- **Required action**: Reproduce word for word the lines between those holding "this 690×460 image." and "this 1270×952 image.", inclusive, and nothing else from the data below.

── Given entries ──

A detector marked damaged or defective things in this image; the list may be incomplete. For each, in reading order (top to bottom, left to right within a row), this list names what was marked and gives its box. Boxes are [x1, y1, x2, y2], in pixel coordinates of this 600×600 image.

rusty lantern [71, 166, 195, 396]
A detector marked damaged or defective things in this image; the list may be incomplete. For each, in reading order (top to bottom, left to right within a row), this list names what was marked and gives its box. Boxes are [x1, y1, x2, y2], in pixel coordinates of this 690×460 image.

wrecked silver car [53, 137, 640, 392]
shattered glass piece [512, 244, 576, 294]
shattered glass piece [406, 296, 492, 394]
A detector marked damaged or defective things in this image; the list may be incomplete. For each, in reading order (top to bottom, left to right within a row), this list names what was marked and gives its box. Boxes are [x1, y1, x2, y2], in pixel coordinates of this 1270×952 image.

───
── Given entries ──

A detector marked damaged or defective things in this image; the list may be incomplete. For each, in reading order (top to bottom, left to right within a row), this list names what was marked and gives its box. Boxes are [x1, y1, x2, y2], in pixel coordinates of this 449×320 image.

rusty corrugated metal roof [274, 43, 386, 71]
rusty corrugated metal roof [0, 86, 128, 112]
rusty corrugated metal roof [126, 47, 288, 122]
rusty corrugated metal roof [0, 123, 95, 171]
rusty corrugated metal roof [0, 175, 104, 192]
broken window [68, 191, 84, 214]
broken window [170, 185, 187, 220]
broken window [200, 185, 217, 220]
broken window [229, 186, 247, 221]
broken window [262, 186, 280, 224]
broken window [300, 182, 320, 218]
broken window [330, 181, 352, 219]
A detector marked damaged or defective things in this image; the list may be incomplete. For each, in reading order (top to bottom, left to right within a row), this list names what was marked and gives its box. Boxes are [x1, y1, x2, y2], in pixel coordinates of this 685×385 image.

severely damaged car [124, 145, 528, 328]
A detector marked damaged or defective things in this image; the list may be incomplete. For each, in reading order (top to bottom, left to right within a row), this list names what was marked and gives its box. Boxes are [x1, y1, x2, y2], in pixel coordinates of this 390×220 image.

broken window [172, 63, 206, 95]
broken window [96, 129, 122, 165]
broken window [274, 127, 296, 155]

───

- **Exercise response**:
A detector marked damaged or defective things in this image; the list may be incomplete. For each, in reading order (top to bottom, left to right within a row), this list names what was marked and gives its box. Boxes are [x1, y1, x2, y2], in pixel coordinates of this 690×460 image.

wrecked silver car [53, 137, 640, 392]
shattered glass piece [512, 244, 576, 294]
shattered glass piece [406, 296, 492, 394]
A detector marked damaged or defective things in this image; the list may be incomplete. For each, in reading order (top to bottom, left to right within a row), this list names what was marked and gives its box. Boxes are [x1, y1, x2, y2], in pixel coordinates of this 1270×952 image.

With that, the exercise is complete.